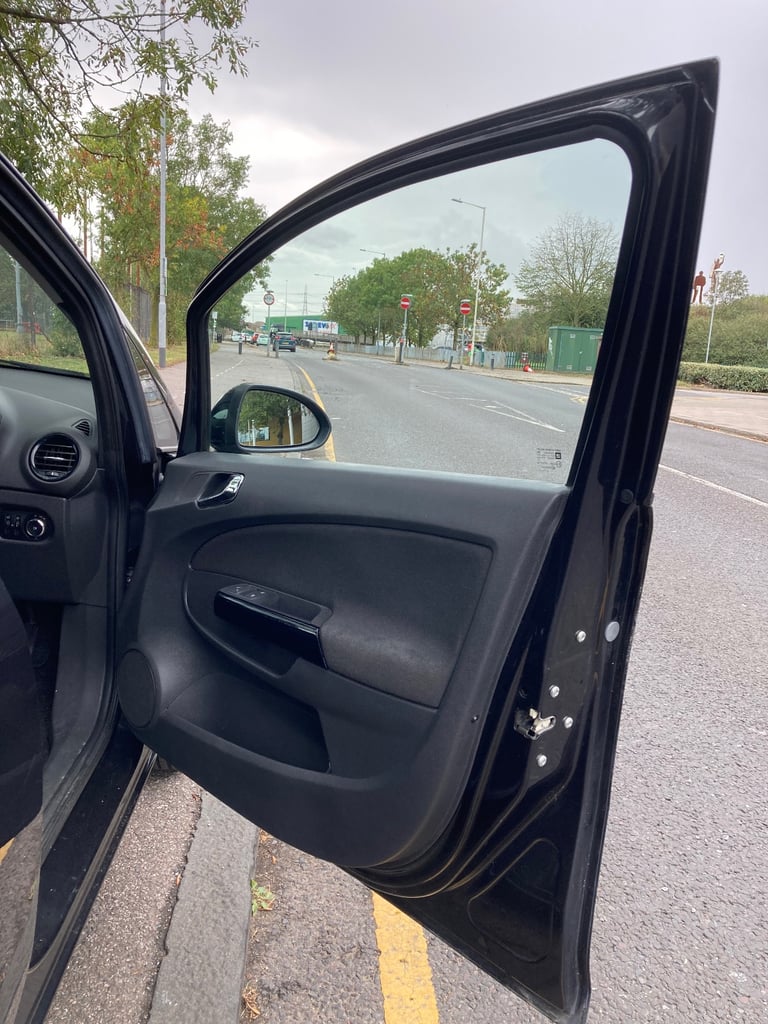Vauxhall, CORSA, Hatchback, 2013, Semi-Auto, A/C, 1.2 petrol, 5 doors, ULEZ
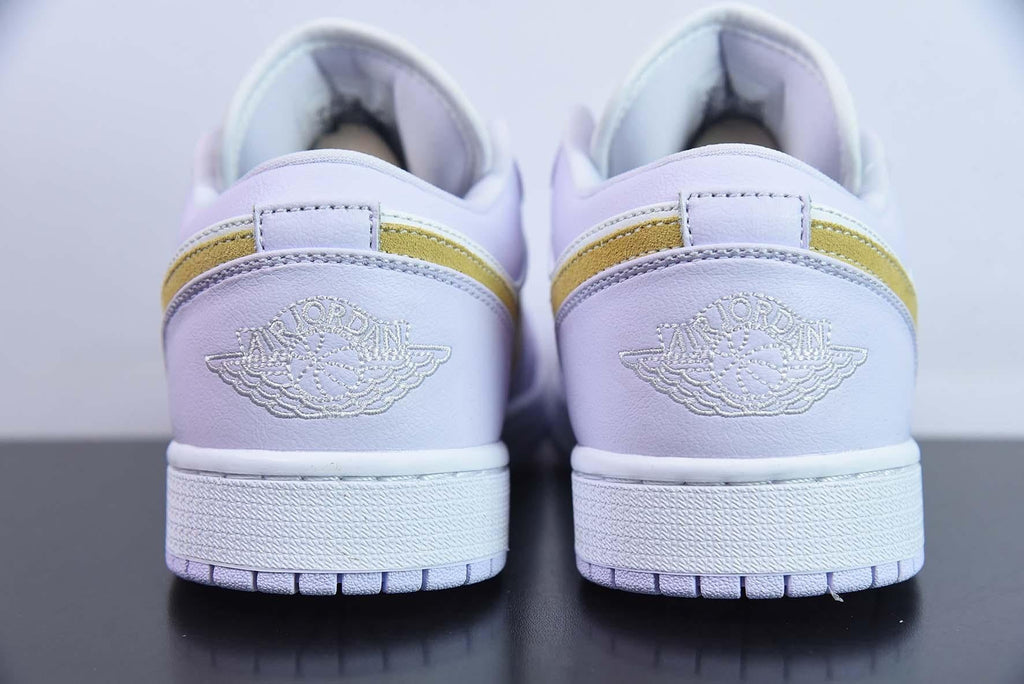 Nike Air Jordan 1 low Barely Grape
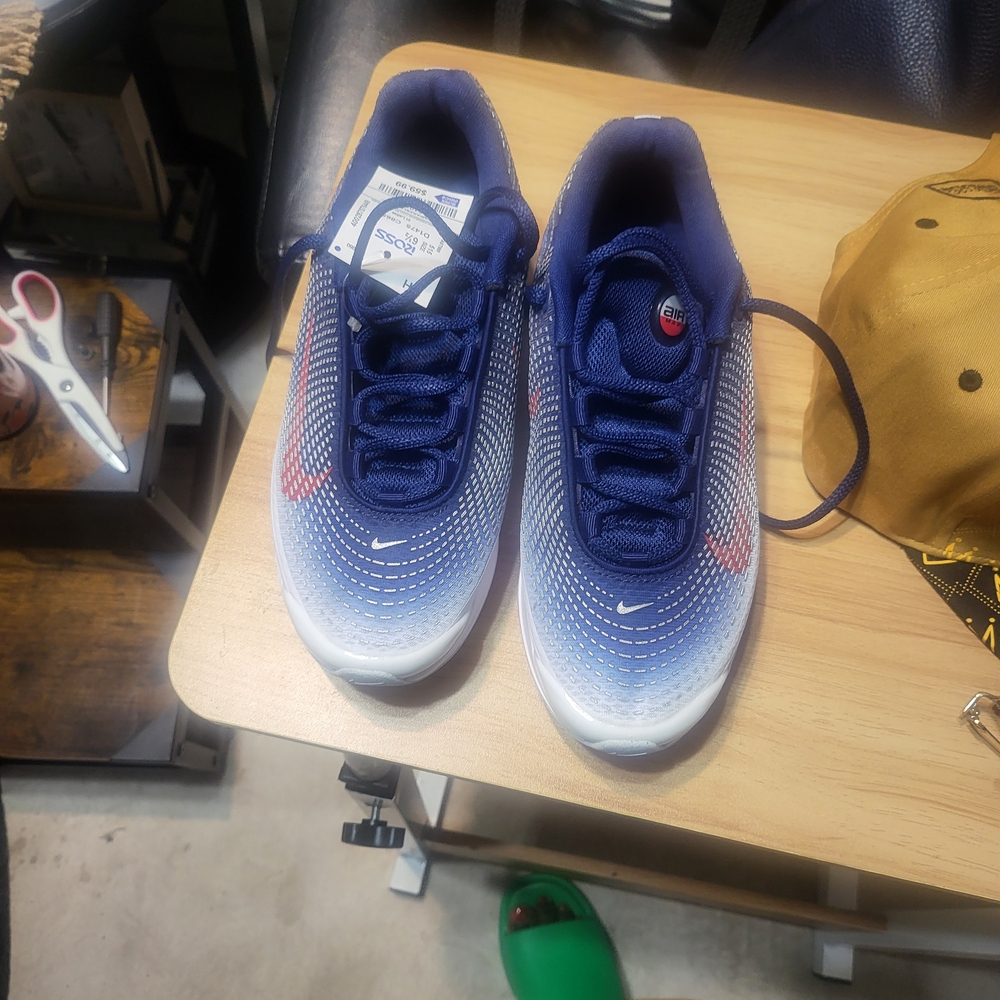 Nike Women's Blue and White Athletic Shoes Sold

┄┄┄┄┄┄

--- PROBLEM ---
Omit pictures and output the listing exactly.

--- FINAL ANSWER ---
Vauxhall, CORSA, Hatchback, 2013, Semi-Auto, A/C, 1.2 petrol, 5 doors, ULEZ
 Nike Air Jordan 1 low Barely Grape
 Nike Women's Blue and White Athletic Shoes Sold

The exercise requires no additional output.